Typically, automatic and manual operation of movable barriers, such as garage doors or gates, has included a gear system which allows for easy movement of a barrier. Many developments in the gate operator industry have transformed movable barriers, including the implementation of various kinds of motors and gear systems to operate one or more gates. For example, in the past, movable barrier systems have included AC induction motors, DC brush motors, and DC brushless motors.
One of the problems encountered in the gate operator industry is controlling actuation to achieve smooth, efficient, and effective operation of movable barriers. The current practice, which utilizes motors such as AC induction motors, must implement various complex systems of gears and electronics in order to provide the adequate amount of power at the correct speed.
For example, systems with conventional motors usually include phase control mechanisms to monitor and alter the frequency of voltage applied to the motor—furthermore these motors fail to provide high torque at low speeds. DC brush motors present the advantage that speed may be controlled in a linear fashion in relation to the voltage applied, however, these motors lose the desired torque at very low speeds. And although DC brushless motors also provide the same speed control, the DC brushless motor also fails to provide the desired high torque at very low speeds.
The gate operation industry has therefore implemented the use of a gear box or a belt system to accomplish the torque required to move a particular barrier. These complex systems seek to regulate smooth actuation but remain inadequate to retain linear control of speed while optimizing the correct amount of torque necessary to perform a particular task.
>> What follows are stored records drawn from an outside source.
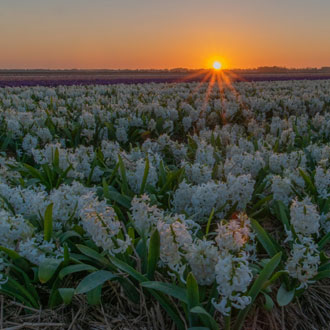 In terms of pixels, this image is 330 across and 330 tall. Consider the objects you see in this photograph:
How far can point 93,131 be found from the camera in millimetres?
7844

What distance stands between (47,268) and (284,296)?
1.49 meters

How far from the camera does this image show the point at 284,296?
2.42 meters

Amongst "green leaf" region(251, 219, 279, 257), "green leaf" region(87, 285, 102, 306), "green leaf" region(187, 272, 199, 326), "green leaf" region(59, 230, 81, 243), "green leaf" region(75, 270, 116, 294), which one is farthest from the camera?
"green leaf" region(251, 219, 279, 257)

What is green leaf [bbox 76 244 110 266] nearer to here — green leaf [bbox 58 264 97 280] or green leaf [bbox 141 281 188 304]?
green leaf [bbox 58 264 97 280]

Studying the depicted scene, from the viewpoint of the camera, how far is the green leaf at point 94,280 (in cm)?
226

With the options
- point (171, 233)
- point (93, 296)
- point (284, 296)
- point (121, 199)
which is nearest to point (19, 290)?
point (93, 296)

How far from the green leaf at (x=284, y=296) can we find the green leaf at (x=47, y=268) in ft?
4.56

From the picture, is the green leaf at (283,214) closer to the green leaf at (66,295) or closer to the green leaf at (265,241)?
the green leaf at (265,241)

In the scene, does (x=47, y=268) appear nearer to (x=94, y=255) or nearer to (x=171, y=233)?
(x=94, y=255)

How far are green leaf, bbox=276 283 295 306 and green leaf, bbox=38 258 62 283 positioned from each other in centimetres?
139

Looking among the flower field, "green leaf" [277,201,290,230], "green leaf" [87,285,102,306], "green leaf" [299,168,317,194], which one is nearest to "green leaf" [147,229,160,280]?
the flower field

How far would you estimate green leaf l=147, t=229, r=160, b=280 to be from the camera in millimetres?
2406

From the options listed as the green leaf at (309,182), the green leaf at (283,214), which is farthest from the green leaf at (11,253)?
the green leaf at (309,182)

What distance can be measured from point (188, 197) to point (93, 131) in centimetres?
473
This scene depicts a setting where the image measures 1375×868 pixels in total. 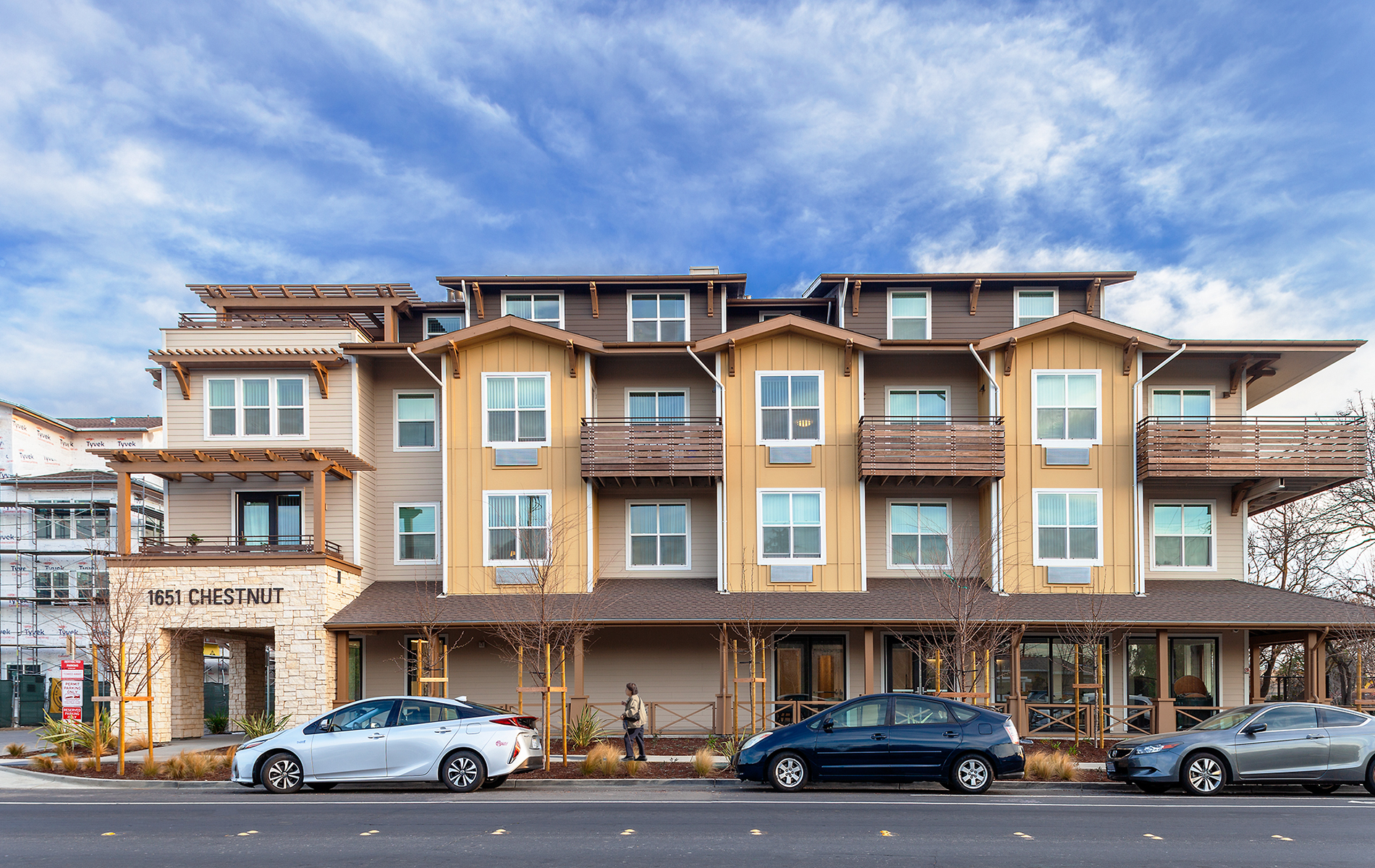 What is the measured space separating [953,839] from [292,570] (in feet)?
54.5

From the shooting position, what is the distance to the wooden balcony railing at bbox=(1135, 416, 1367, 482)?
23.3m

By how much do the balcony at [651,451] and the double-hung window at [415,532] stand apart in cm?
469

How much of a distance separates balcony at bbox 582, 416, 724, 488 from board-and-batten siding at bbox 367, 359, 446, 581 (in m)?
4.59

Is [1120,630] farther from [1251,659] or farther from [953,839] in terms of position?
[953,839]

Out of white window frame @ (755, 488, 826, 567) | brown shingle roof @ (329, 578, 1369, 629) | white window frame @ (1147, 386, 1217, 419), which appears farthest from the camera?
white window frame @ (1147, 386, 1217, 419)

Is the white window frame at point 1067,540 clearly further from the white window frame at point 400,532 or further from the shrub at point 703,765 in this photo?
the white window frame at point 400,532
Adding belts, chains or gear boxes increases the volume of the system, adding more moving parts and essentially additional variables for possible system malfunctions. Manufacturers in the gate operation industry have attempted to alleviate this problem but those methods remain inadequate for the following reasons.
Some manufacturers have tried to implement c-phase mounting techniques between a motor and the gear box, however, this method raises the possibility of oil or grease leakage that may damage a gate operating system.
Other manufacturers have tried to minimize the number of components in a gate operating system by implementing a motor-gear head device to minimize potential problems during assembly. However, gear boxes, with oil or grease that may eventually leak, are still required and thus present the problem of potential damage and higher maintenance requirements.
Alternatively, other manufacturers have implemented a planetary gear system in their designs. This gear system presents the advantage of very small gearing capable of providing high torque, however, their need for oil or grease still requires higher maintenance to prevent damage from its lubricants.
Yet perhaps the most significant problem presented by the use of gear systems is the fact that gear systems do not provide 100% efficiency. In fact, it is commonly known in the industry that such gearing systems provide efficiency levels raging from 40% to 90% depending on the quality of the system used; notably, the more efficient gear systems are costly.
Due to the inadequate methods and systems used to operate movable barriers (particularly in industrial applications), the gate operation industry is flooded with gate operators that are large, heavy, and complex—which require relatively large motors and big gear boxes. For these reasons and others, the prior art has been inadequate to suit the needs of gate operator users, installers and manufacturers.
Therefore, there is a need in the art for a system that utilizes fewer components to achieve higher precision actuation of movable barriers without complex gear systems and electronics. It is desirable to develop a movable barrier operator that contains fewer parts to minimize maintenance and potential malfunctions, while retaining the desired control of the operator at low speeds and generating the desired high torque during actuation. It is to these ends that the present invention has been developed.